Yes. And that's the breaking out SMS. Kevin, please go ahead.

Yes. And just as a reminder, our financial guidance for the year included $180 million to $200 million of HETLIOZ revenue. We didn't provide any detail around the breakout of that between HETLIOZ Non-24 in the U.S. or HETLIOZ Non-24 in Germany or HETLIOZ SMS here in the U.S. What I can tell you though is that we're very excited about the early progress that Mihales noted, with patient family engagement continuing to increase and the prescription generation that we're seeing. There was revenue included in the first quarter related to SMS, but given the timing of the approval and launch, we expect to see this continue to build through future quarters.

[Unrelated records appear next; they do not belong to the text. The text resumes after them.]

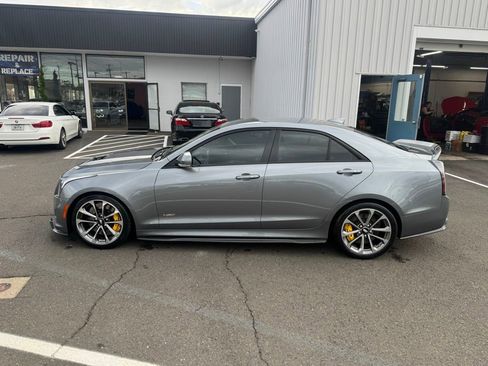 Used 2018 Cadillac ATS V w/ Carbon Fiber Package RWD image 11
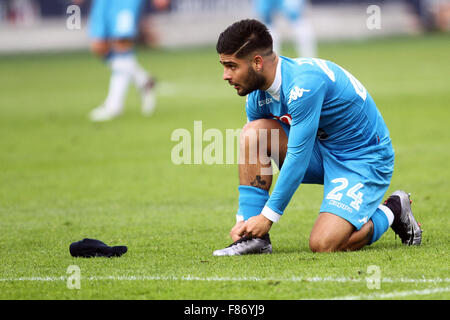 Bologna, Italy. 06th Dec, 2015. Napoli's forward Lorenzo Insigne during the Italian Serie A football match between  Bologna FC v SSC Napoli on 6th December, 2015 at Dall'Ara Stadium. Credit:  Andrea Spinelli/Alamy Live News Stock Photo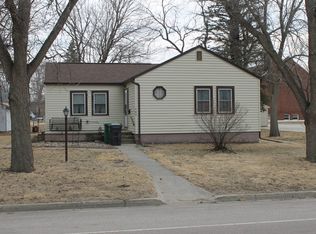 303 E Dakota Ave, George, IA 51237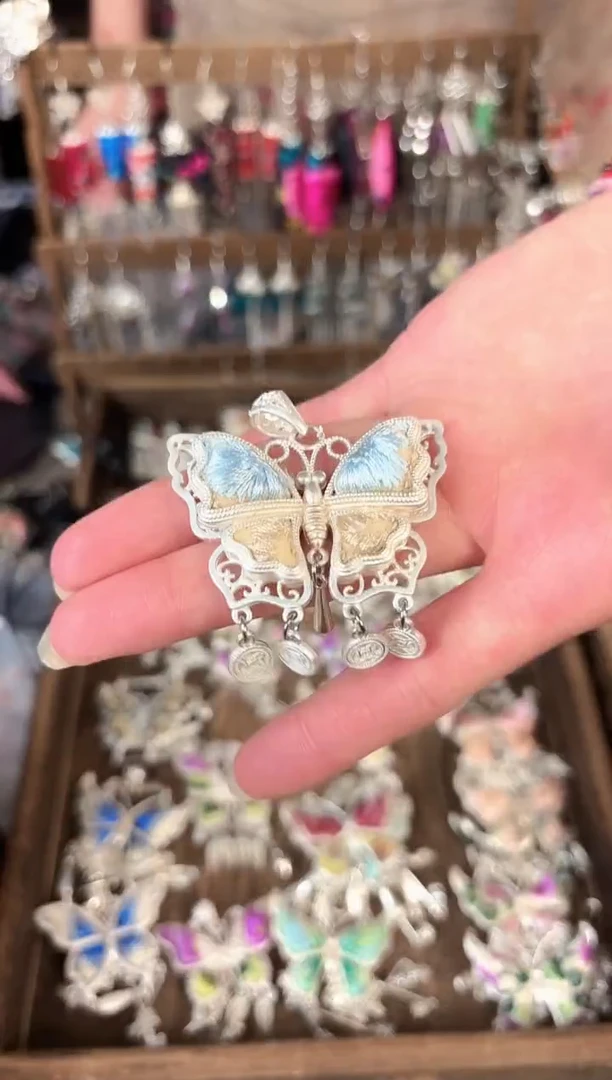 彩云南阁非遗老绣饰品535*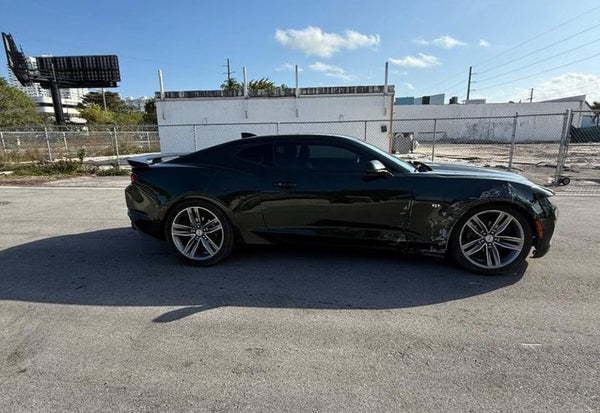 2020 Chevrolet Camaro LT photo 6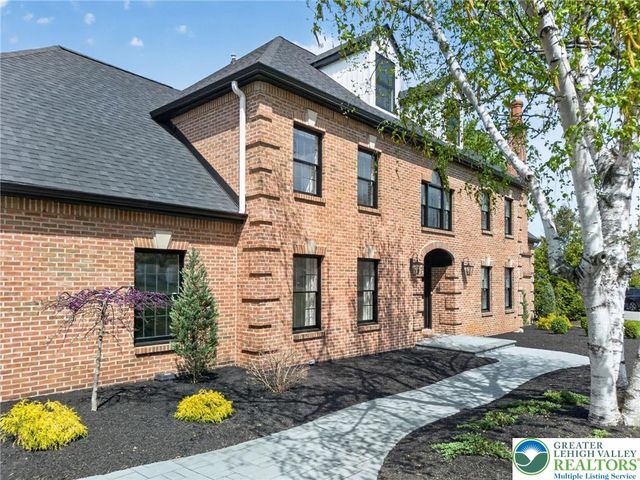 2240 GREENWOOD Road, Salisbury Twp, PA 18103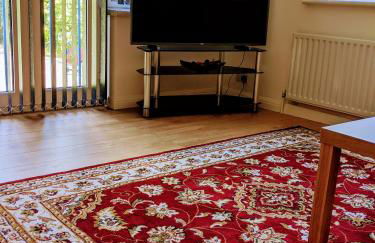 Oaklawn Apartment - Sleeps 4 Parking & Garden - Photo 83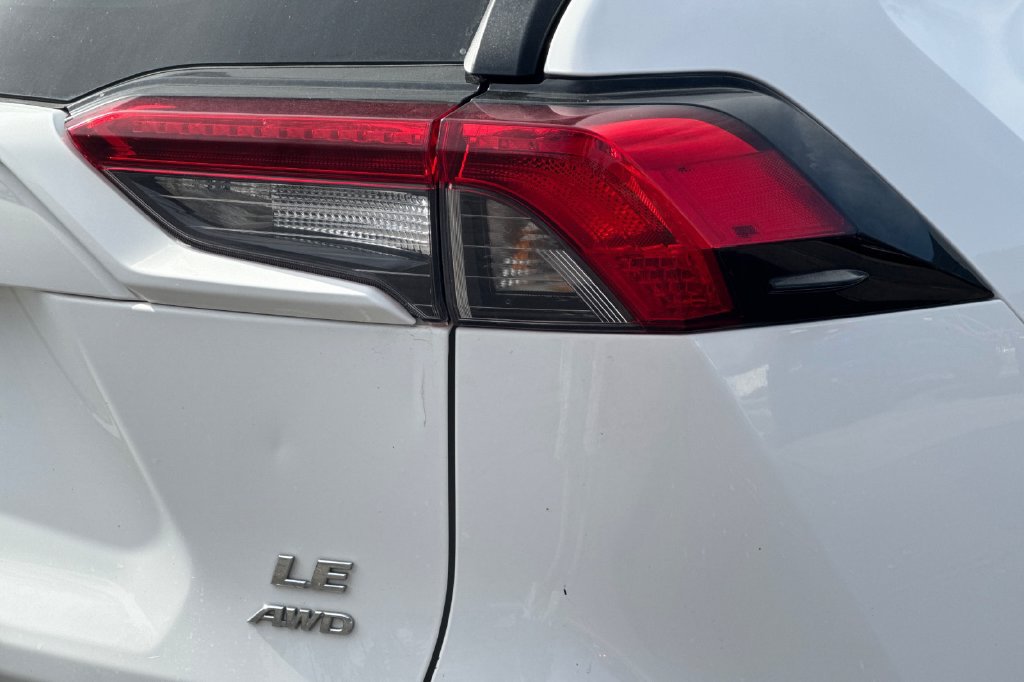 Used 2021 Toyota RAV4 LE AWD/4WD image 28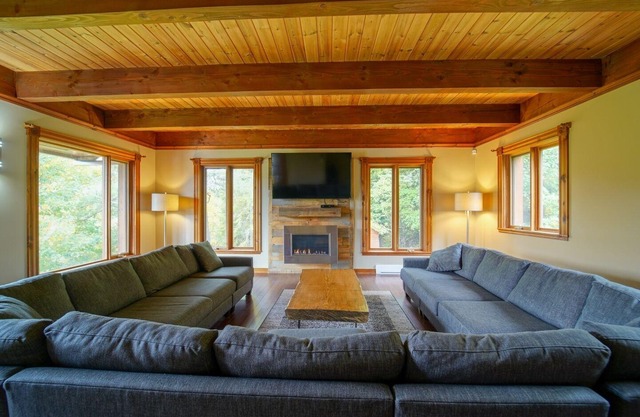 Le Prestigieux, Lake, Spa, Air, BBQ, Golf & Ski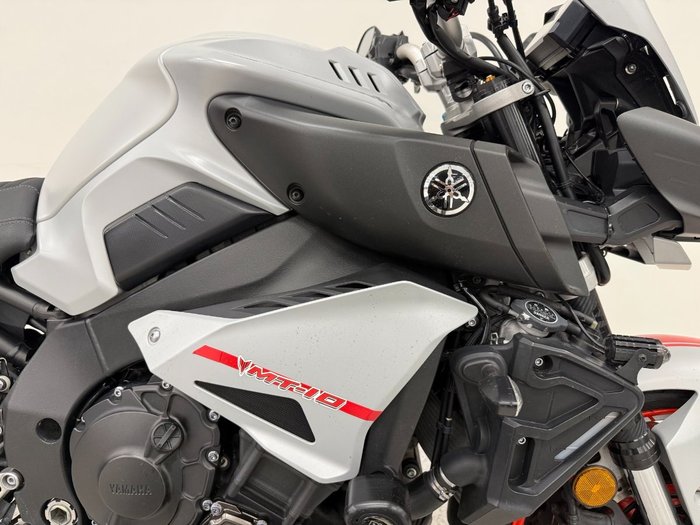 2021 YAMAHA MT-10A grey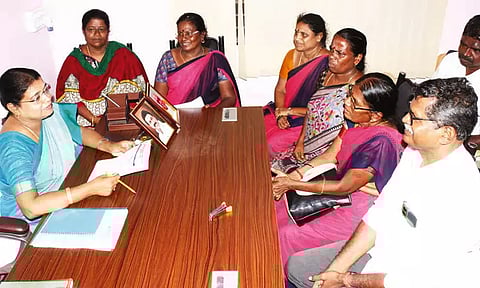 அங்கன்வாடி ஊழியர்களின் காத்திருப்பு போராட்டம் வாபஸ் - அமைச்சர் கீதாஜீவன் நடத்திய பேச்சுவார்த்தையில் உடன்பாடு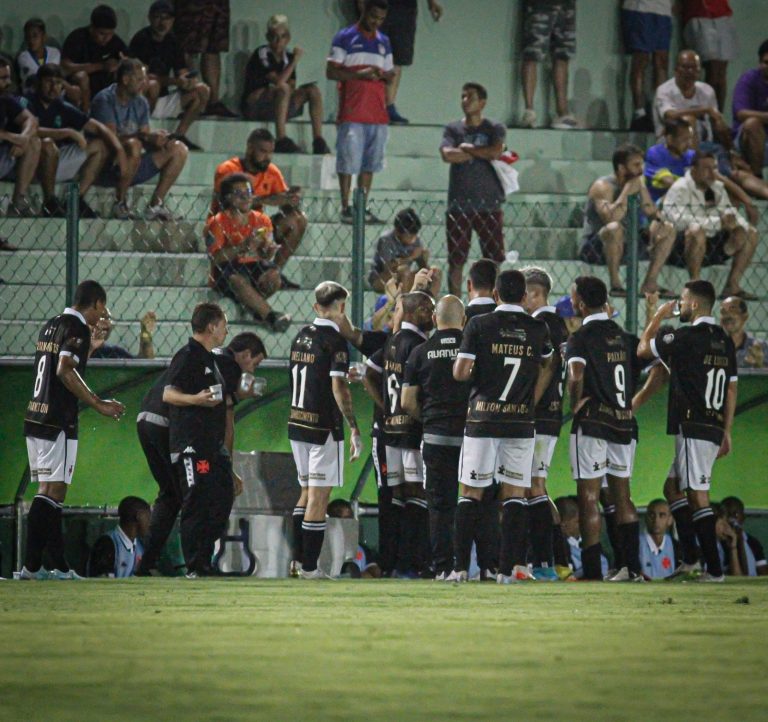 Time alternativo do Vasco no Carioca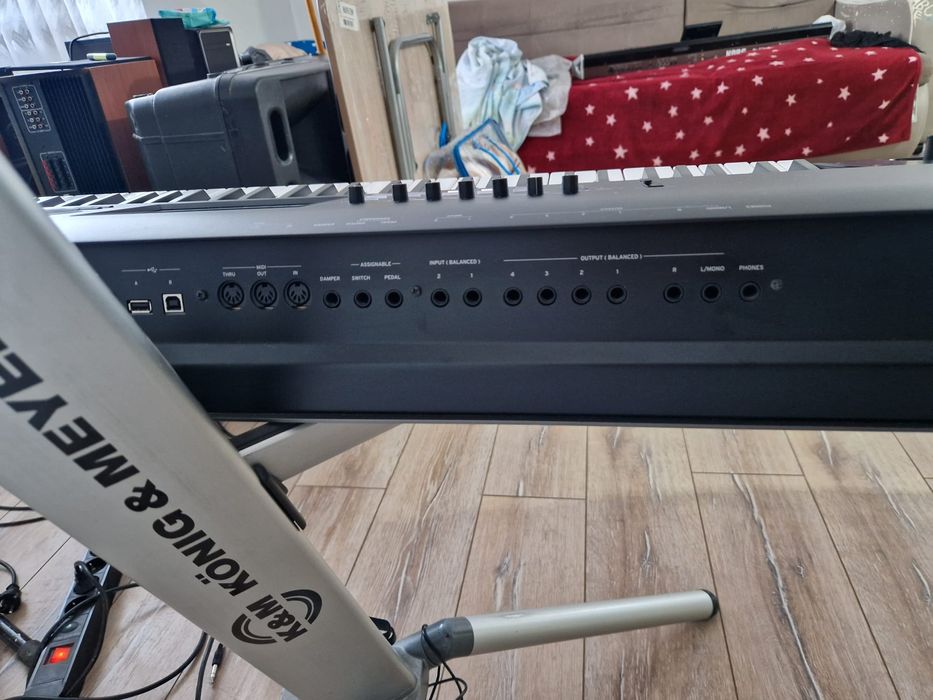 Vând orga Korg Nautilus 73 work station, cu stativ și husă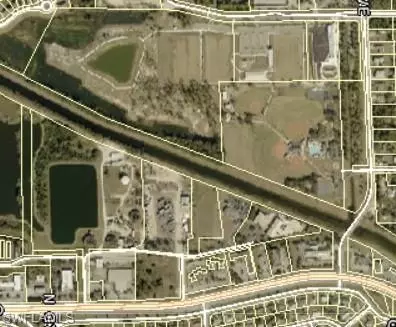 809 Oak Ave, Lehigh Acres, FL 33972 photo 2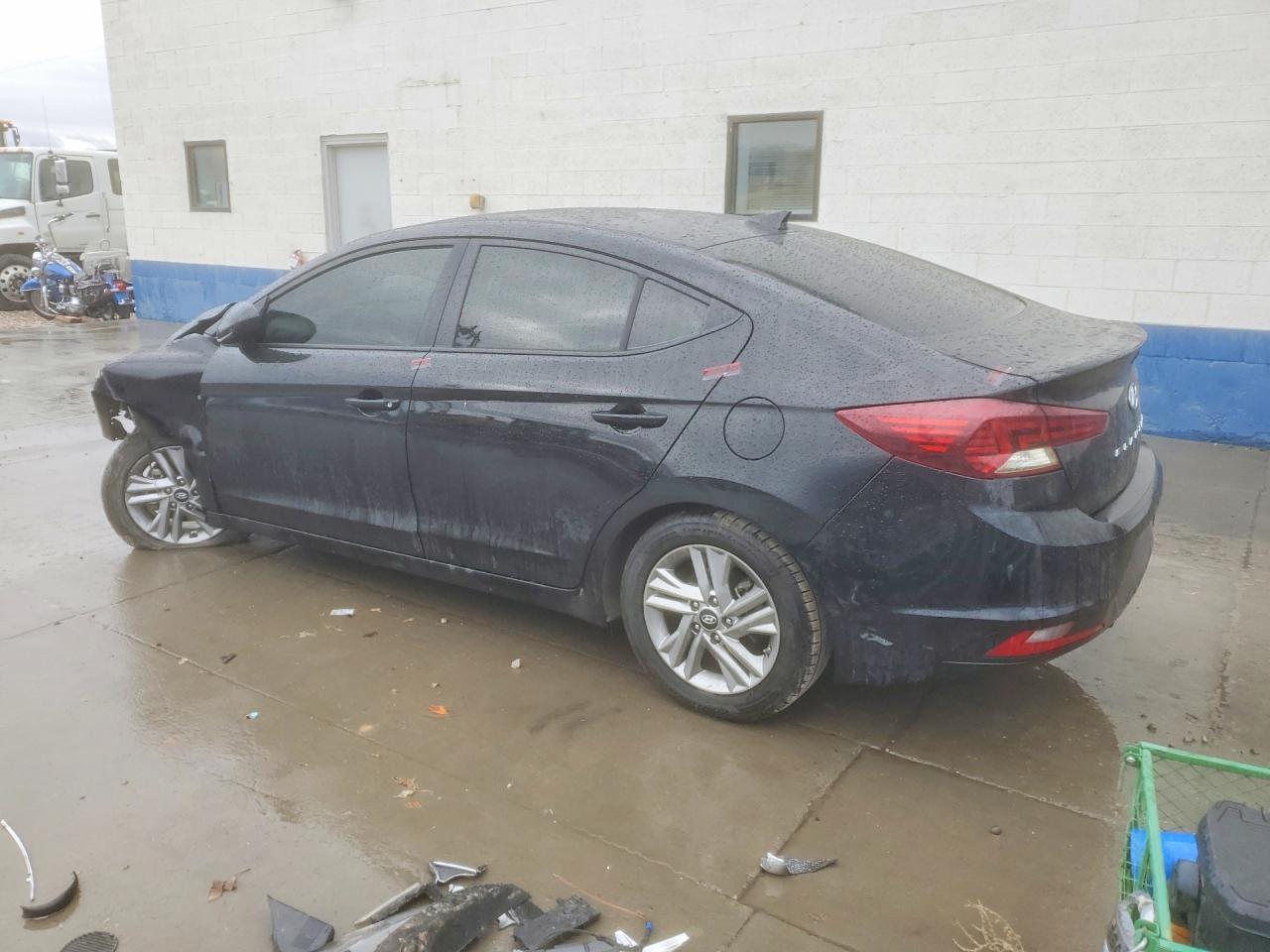 2020 HYUNDAI ELANTRA SEL photo 2
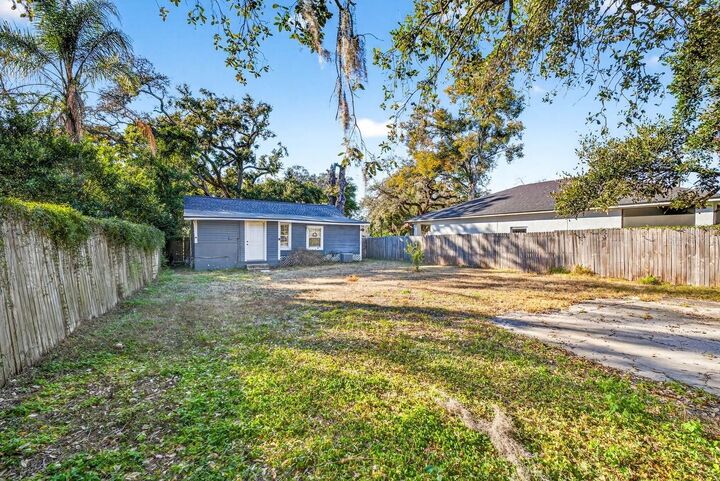 Property Photo:  4205 N 15th Street  FL 33610 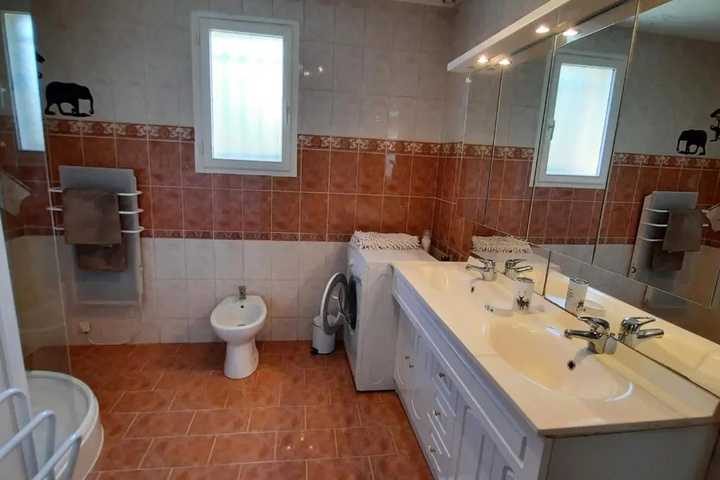 Room 7 of 12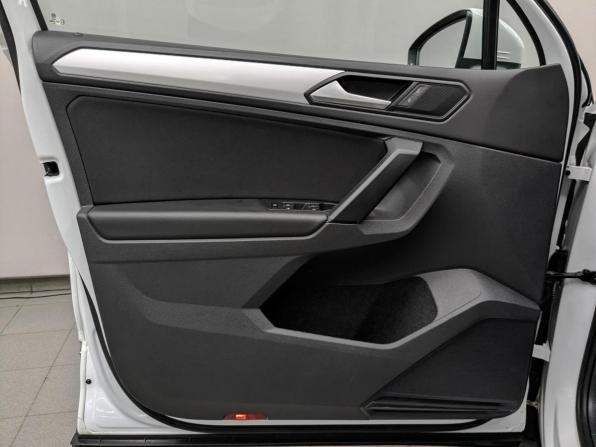 Volkswagen Tiguan II Рестайлинг с пробегом 2022 года, цена 3 155 000 рублей, 30461 км, внедорожник, Автокод Объявления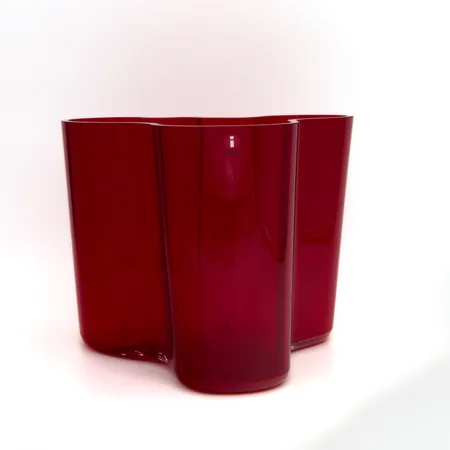 Aalto-maljakko Iittala, laser-kaiverrus Alvar Aalto Iittala, korkeus 160mm, karpalo, pohjassa siirtelyjälkiä ja sivussa yksi naarmu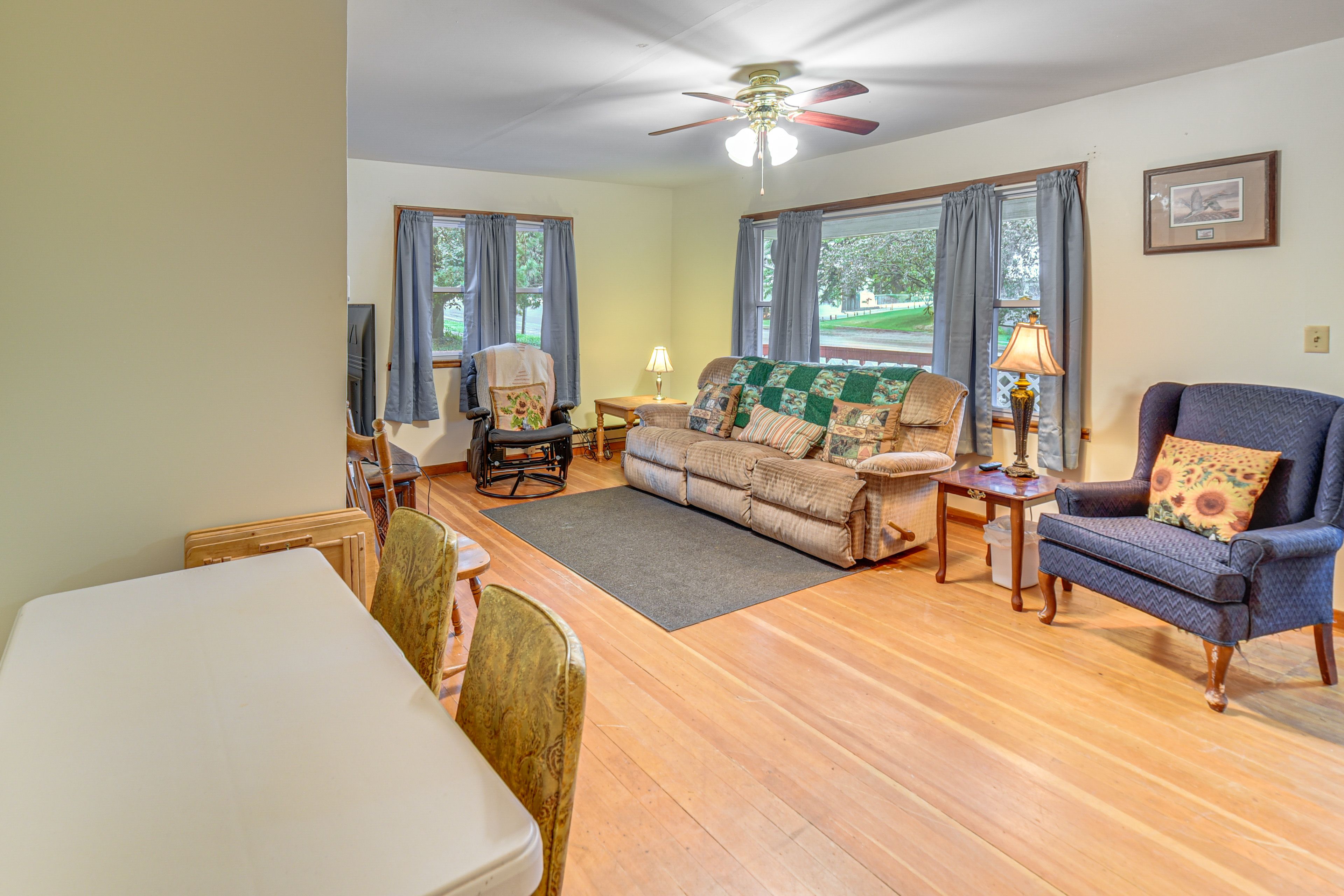 Dining Area | Main Level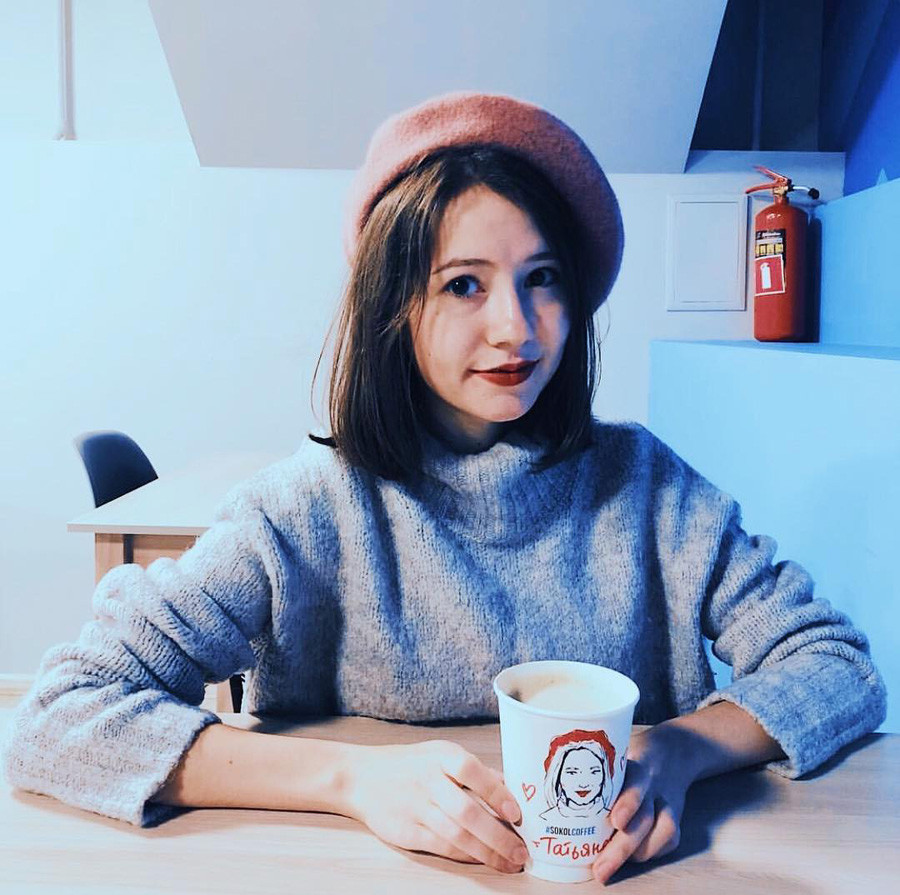 Cuanto Cuestan Las Tazas De Starbucks Bebida + un retrato personalizado: cuando un café de San Petersburgo supera  a Starbucks - Russia Beyond ES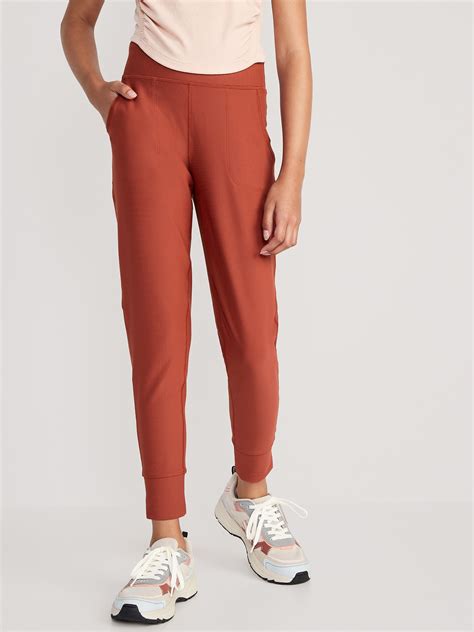 Different Styles of Old Navy Joggers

Okay. Well maybe I'll just hop back in the queue then. I appreciate you taking the questions.

Thank you, Chris.

There are no further questions at this time. I will now turn the call back to Vanda management for closing remarks.

Thank you very much. In fact, Chris, if you have any follow-up, we'll be happy to take any questions.

Okay. If there are no more questions, I would like to thank you all for participating in this call. We look forward to a successful and exciting year, both from the commercial side and the clinical pipeline. Thank you very much.

This concludes today's conference call. Thank you for joining. You may now disconnect.